Guo, Y., Riplinger, C., Liakos, D. G., Becker, U., Saitow, M., & Neese, F. (2020). Linear scaling perturbative triples correction approximations for open-shell domain-based local pair natural orbital coupled cluster singles and doubles theory [DLPNO-CCSD(T0/T)]. The Journal of Chemical Physics, 152(2): 024116. doi:10.1063/1.5127550.


Cite as: http://hdl.handle.net/21.11116/0000-0006-3D8E-7
Abstract
The coupled cluster method with single-, double-, and perturbative triple excitations [CCSD(T)] is considered to be one of the most reliable quantum chemistry theories. However, the steep scaling of CCSD(T) has limited its application to small or medium-sized systems for a long time. In our previous work, the linear scaling domain based local pair natural orbital CCSD variant (DLPNO-CCSD) has been developed for closed-shell and open-shell.
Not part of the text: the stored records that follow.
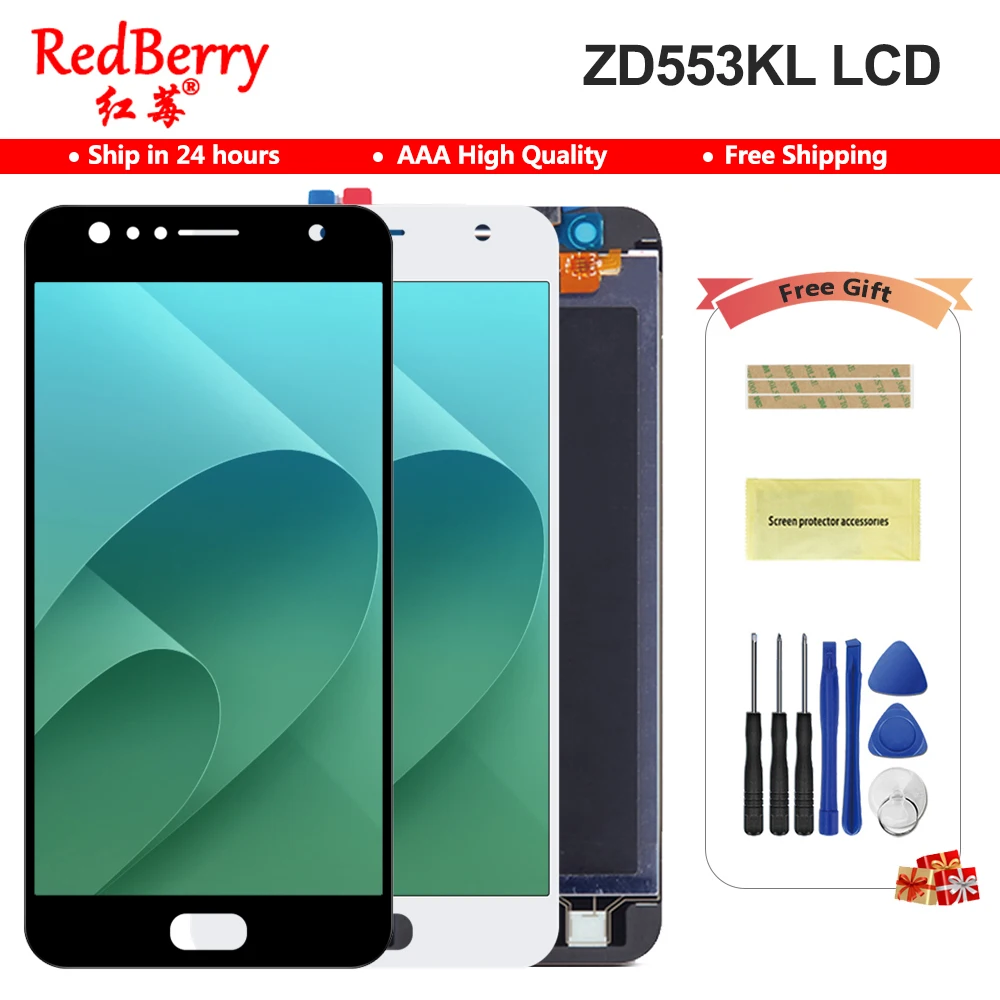 5 дюймов для Asus Zenfone 4 Selfie ZD553KL X00LD ЖК-дисплей панель сенсорный экран дигитайзер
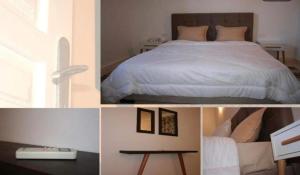 a collage of pictures of a bedroom with a bed at MB DREAMS DJERBA in Houmt Souk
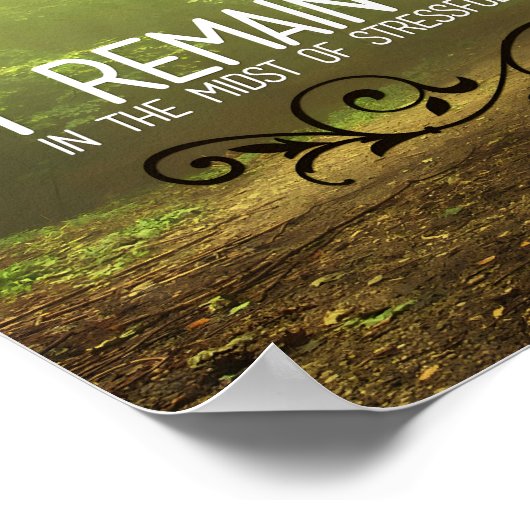 "Ich bleibe ruhig" Motivation Affirmation Poster (Ecke)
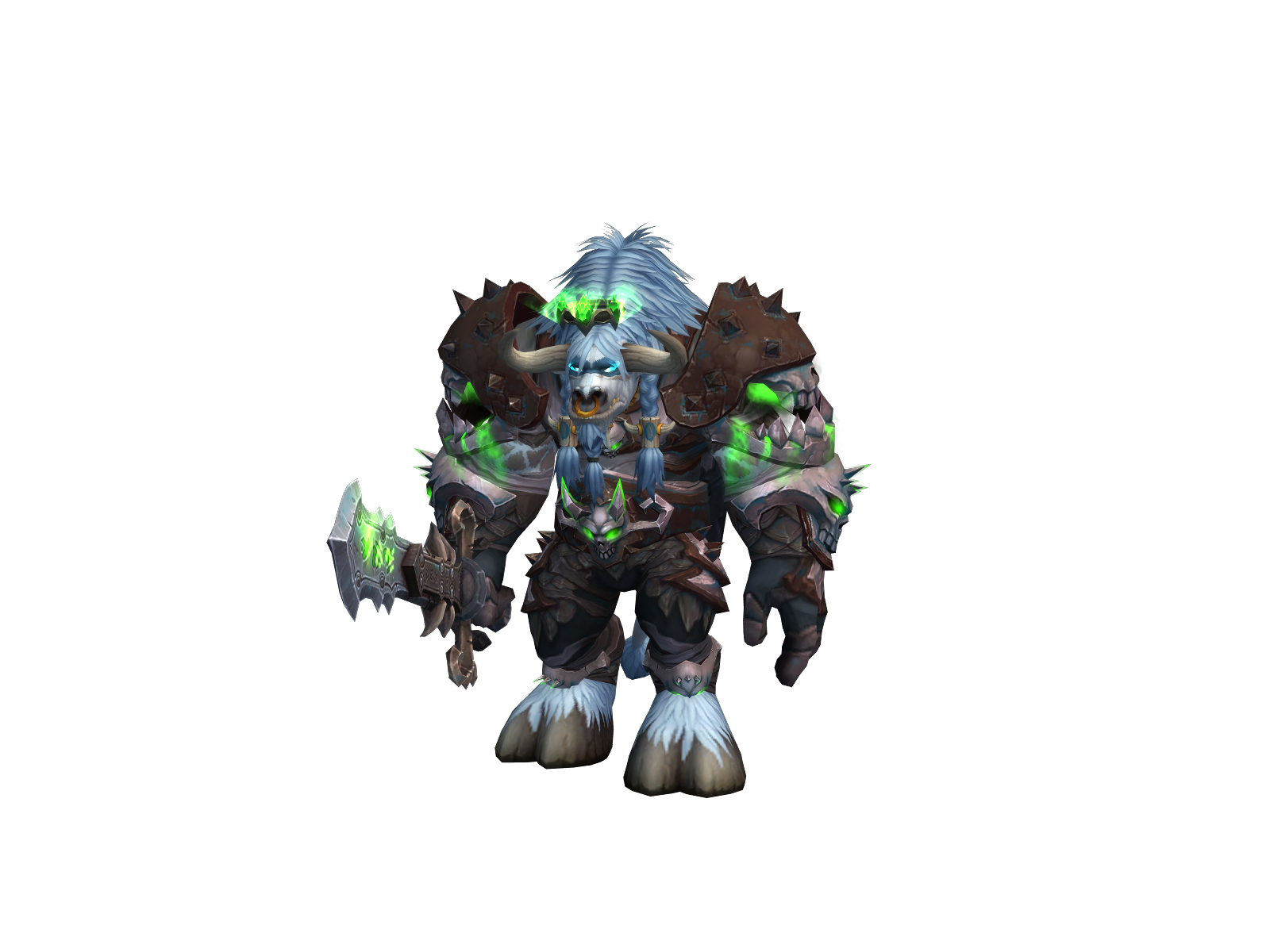 Necroz 3D character render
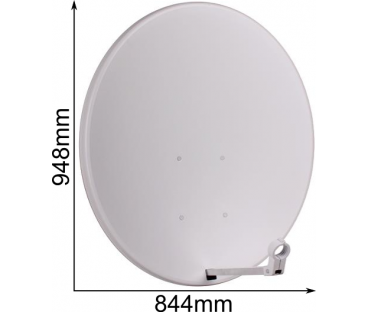 CZASZA ANTENA 90 CM JASNA (COR-900SAE-J)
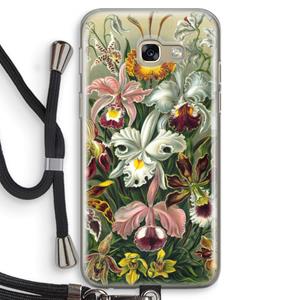 CaseCompany Haeckel Orchidae: Samsung Galaxy A5 (2017) Transparant Hoesje met koord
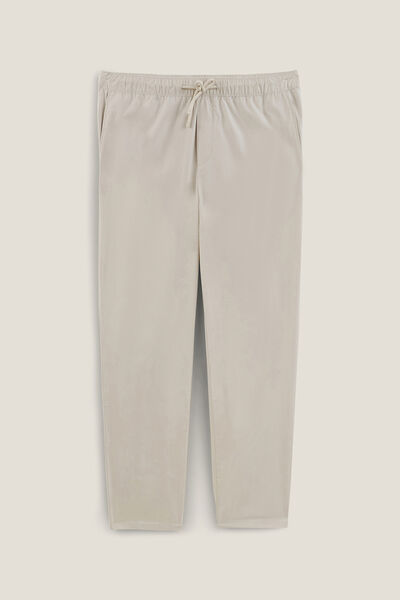 Pantalon coupe relax uni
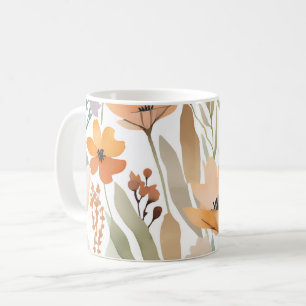 Boho Wildflower  Watercolor Floral Pastel  Coffee Mug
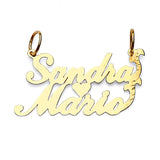 Personalized Pendant in 14K Gold
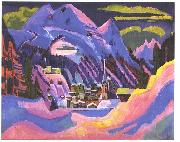 Davos in snow Ernst Ludwig Kirchner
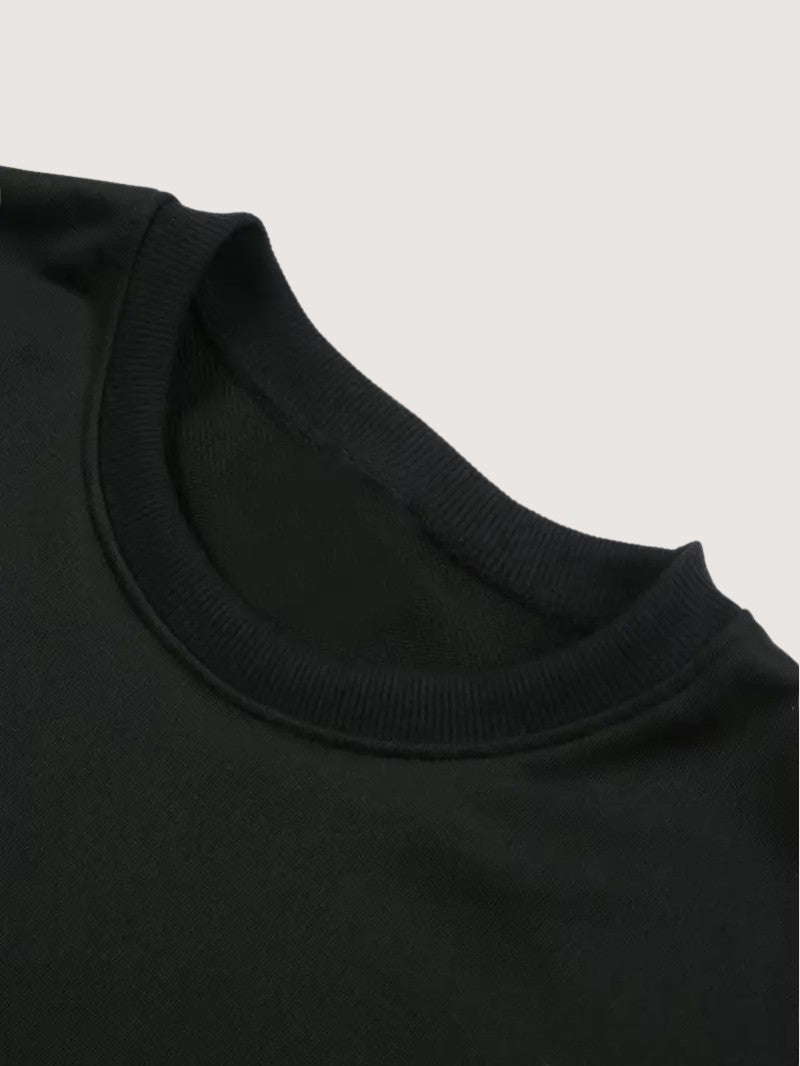 Mens Graphic Sweatshirt Cotton Crewneck Regular Fit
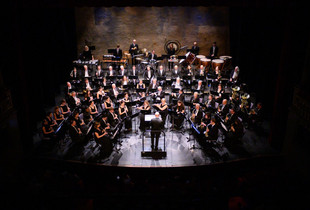 Visuel d'un concert de l'Orchestre d'Harmonie de Chartres sur scène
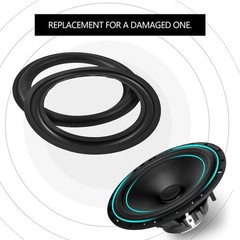 8″ Speaker Foam Surround Repair Kit, 2Pcs 8inch Perforated Rubber Speaker…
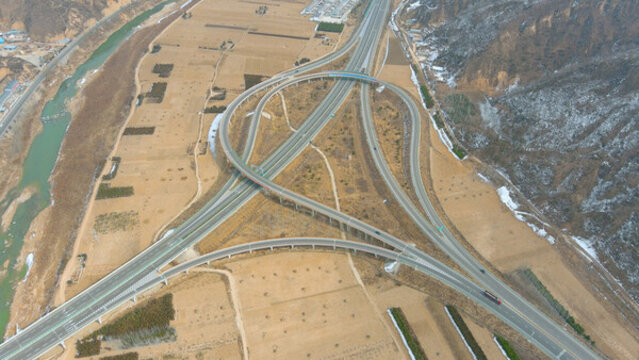 高速公路立交航拍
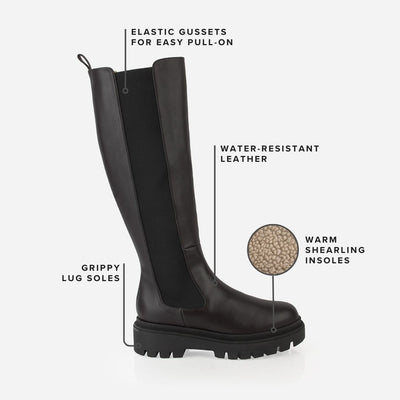 The Elevate Chelsea Boot Black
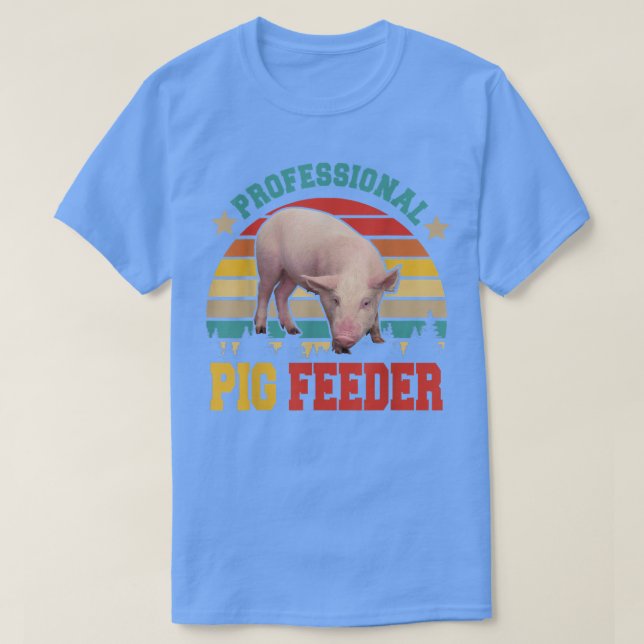 Camiseta Farmador Engraçado De Alimentador Funny De Suínos  (Frente do Design)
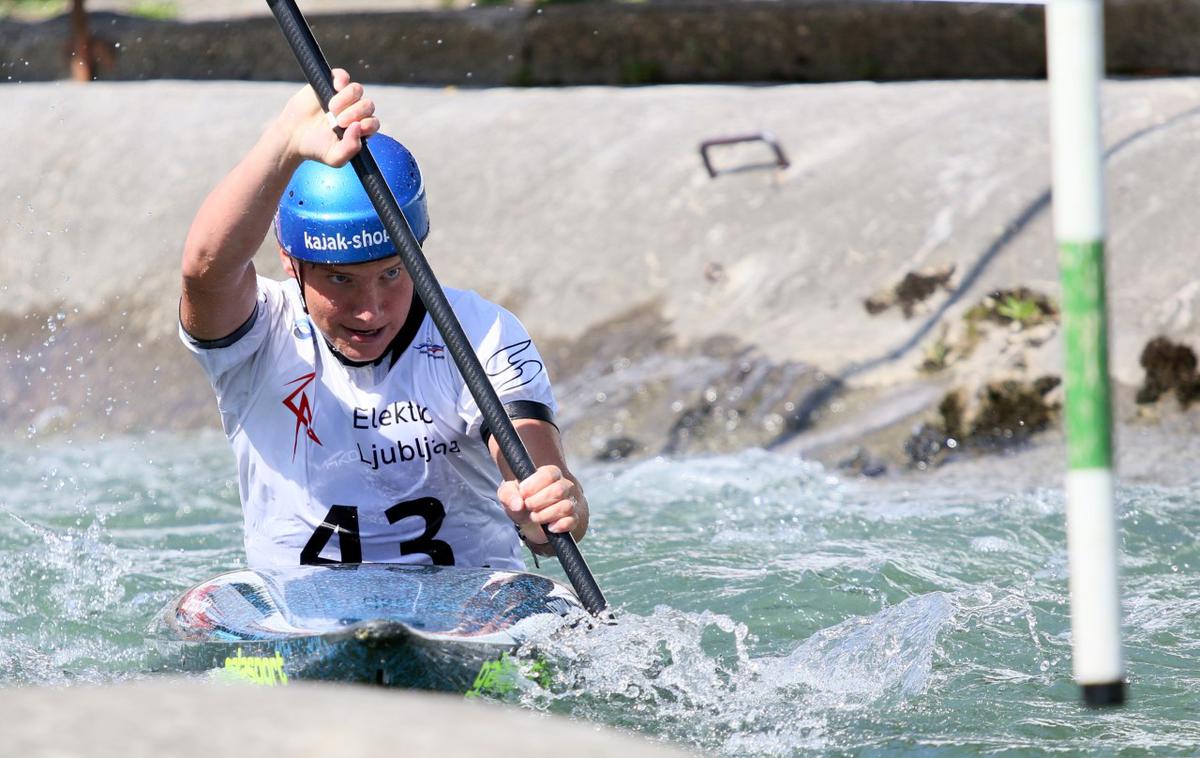 Žiga Lin Hočevar | Mladi Žiga Lin Hočevar se je izkazal z izjemno športno gesto. | Foto Kajakaška zveza Slovenije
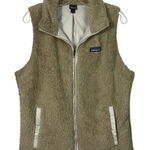Patagonia Los Gatos Tan Brown Full Zip Sherpa Sleeveless Vest Jacket Large L Photo 0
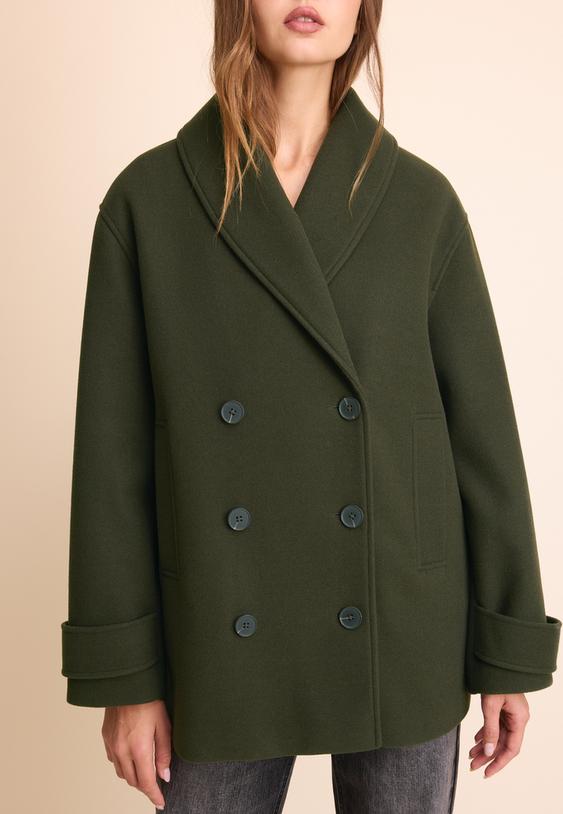 cappotto corto collo a scialle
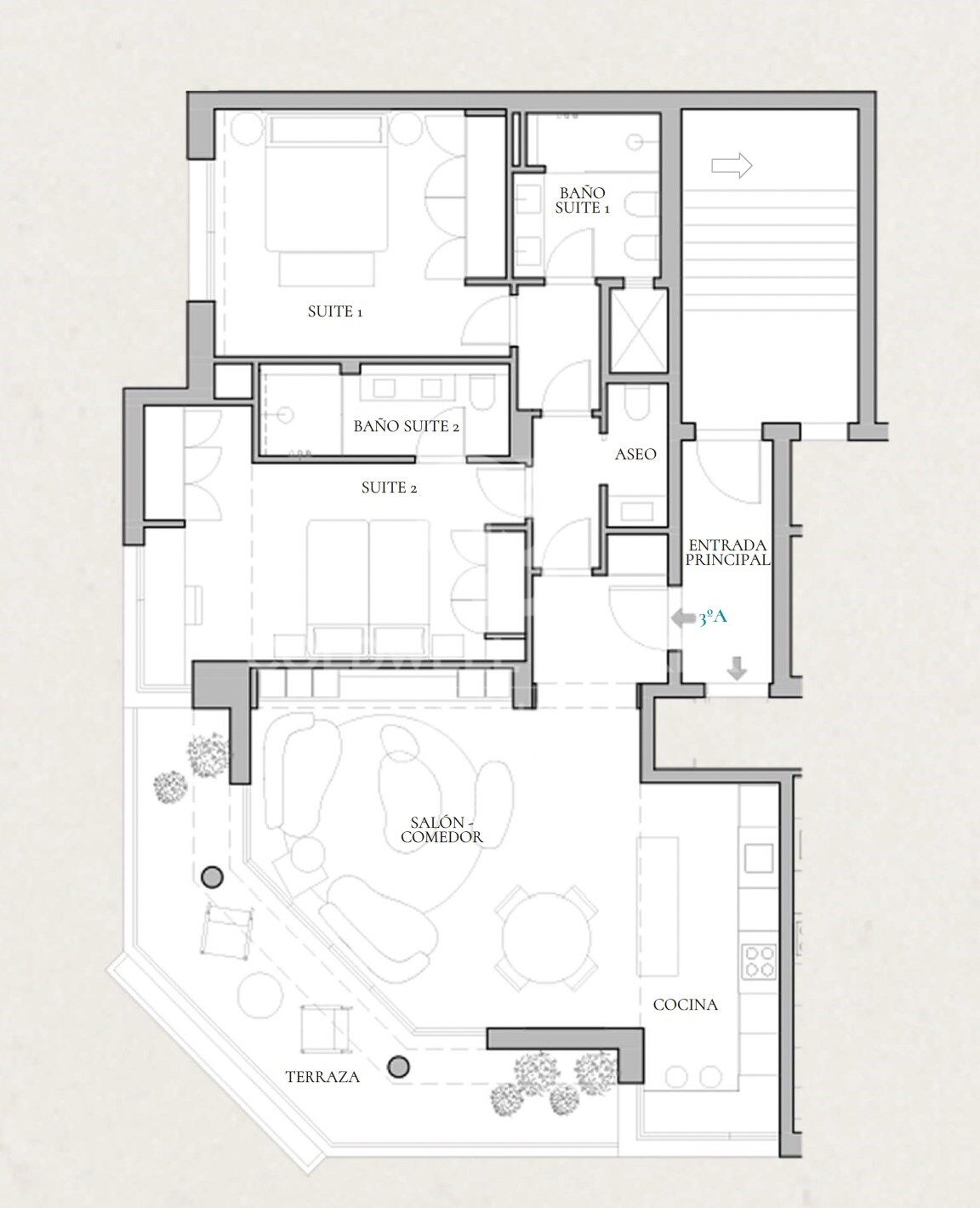Appartement extérieur rénové avec terrasse à Lista, Madrid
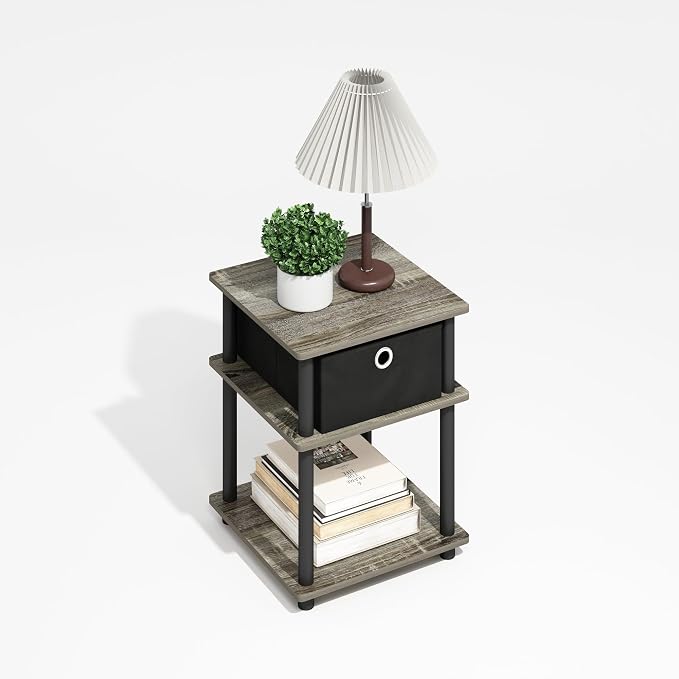 Grey Oak/Black/Black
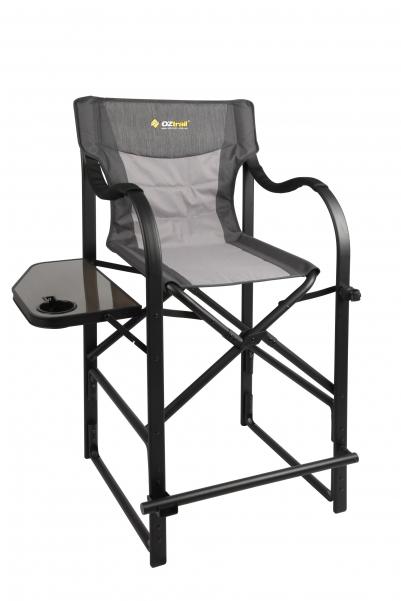 oztrail directors chair with side table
However, it is known from extensive benchmark studies that triple-excitation contributions are important to reach chemical accuracy. In the present work, two linear scaling (T) approximations for open-shell DLPNO-CCSD are implemented and compared: (a) an algorithm based on the semicanonical approximation, in which off-diagonal Fock matrix elements in the occupied space are neglected [referred to as DLPNO-(T0)]; and (b) an improved algorithm in which the triples amplitudes are computed iteratively [referred to as DLPNO-(T)]. This work is based on the previous open-shell DLPNO-CCSD algorithm [M. Saitow et al., J. Chem. Phys. 146, 164105 (2017)] as well as the iterative (T) correction for closed-shell systems [Y. Guo et al., J. Chem. Phys. 148, 011101 (2018)]. Our results show that the new open-shell perturbative corrections, DLPNO-(T0/T), can predict accurate absolute and relative correlation energies relative to the canonical reference calculations with the same basis set. The absolute energies from DLPNO-(T) are significantly more accurate than those of DLPNO-(T0). The additional computational effort of DLPNO-(T) relative to DLPNO-(T0) is a factor of 4 on average. We report calculations on systems with more than 4000 basis functions.